[Python-3000] Types and classes (original) (raw)

Guido van Rossum guido at python.org
Thu Apr 3 00:20:31 CEST 2008


On Wed, Apr 2, 2008 at 3:03 PM, Amaury Forgeot d'Arc <amauryfa at gmail.com> wrote:

On Wed, Apr 2, 2008 at 11:57 PM, Paul Prescod <paul at prescod.net> wrote: > But does anyone else find it odd that the types of some things are > classes and the classes of some things are types? > > >>> type(socket.socket()) > <class 'socket.socket'> > >>> type("abc") > <type 'str'> > >>> socket.socket().class > <class 'socket.socket'> > >>> "abc".class > <type 'str'> > > In a recent talk I could only explain this as a historical quirk. As I > understand, it is now possible to make types that behave basically > exactly like classes and classes that behave exactly like types.

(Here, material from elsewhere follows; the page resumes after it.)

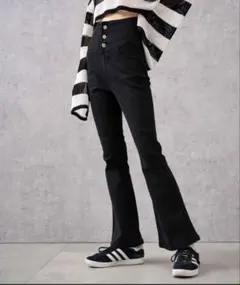 WEGO ハイウエストストレッチフレアデニムパンツ ブラック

Is > there any important difference between them anymore?

I can find one difference: - types are written in C - classes are written in Python and there is a difference in behaviour: most types don't have a writable dict, and you cannot add members. classes are more flexible.

That's more correctly described as the difference between built-in types/classes and user-defined types/classes.

I think it's still just a historical quirk; maybe we should bite the bullet and fix this in py3k. (Still, 'type' and 'class' will both be part of the language, one as a built-in function and metaclass, the other as a keyword.)